El pasado lunes un grupo acribilló a tres mujeres y seis niños al confundirlos con un cártel rival. Las tres camionetas en las que viajaban entre los estados norteños de Sonora y Chihuahua fueron emboscadas, tiroteadas y una de ellas calcinada con dos bebés dentro. El horror, si es que quedan adjetivos para describir el enésimo episodio de violencia, volvió a invadir México. Todas las víctimas pertenecían a una misma familia mormona: los LeBarón.

Bavispe y sus alrededores, donde se ubica la comunidad de la familia LeBarón, registran apenas tres asesinatos en casi tres décadas, sin rastro de alto impacto delictivo en los recuentos oficiales. Esta familia, sin embargo, relató que desde hace una década han sufrido secuestros y asesinatos múltiples. Apenas nueve policías custodian a 4.500 habitantes en ese área y el Ejército tardó más de cuatro horas en acudir a la llamada de auxilio.

discurso de paz / Esa demora volvió a poner de manifiesto la escasa eficacia de la Guardia Nacional (GN), el cuerpo policíaco-militar que AMLO creó como pilar de su plan de seguridad. «Existe una falta de preparación y dispersión en su despliegue territorial», dice a este medio el analista Alejandro Hope sobre la «descoordinación entre organismos e indisciplina en la cadena de mando», así como las dificultades de la GN para cumplir sus tareas de protección cuando se han destinado gran parte de sus elementos a contener el flujo migratorio en las fronteras, tal y como admitió a este medio el teniente Diego Gómez.

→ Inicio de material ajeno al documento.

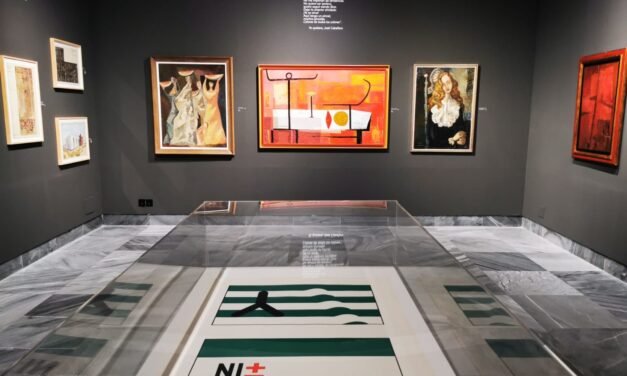 El Museo de Huelva expone las versiones de José Caballero de la bandera de Andalucía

«Se trata de un desaprendizaje institucional en cuanto al descabezamiento de grupos criminales», agrega Hope sobre uno de los pocos avances que arrojó la guerra contra el narcotráfico emprendida en el 2006 por Felipe Calderón y perpetuada por Peña Nieto, que se demostró fallida a tenor de unos índices de homicidios que baten récords desde hace dos años.

AMLO ha reiterado su distanciamiento de esa política belicista con un discurso pacificador bajo el lema abrazos, no balazos. No obstante, «tampoco es viable una estrategia conciliadora ante una violencia generalizada con niveles de sofisticación armamentística y bases sociales del narco tan fuertes», dice el profesor de la Unam, Isnardo De la Cruz.

Los numerosos programas sociales -en forma de subsidios en efectivo-, dirigidos sobre todo a brindar oportunidades para los jóvenes y aliviar los nichos de pobreza de los que se nutre el narcotráfico, requieren de una estabilidad en esas zonas para implementarse. Y así salir de un círculo vicioso del que tan solo se podrán medir los resultados a mediano plazo. «Se necesita una política de Estado integral para desenraizar el crimen organizado, además de una reestructuración del sistema penal y resolver el lastre de la enorme impunidad», considera De la Cruz.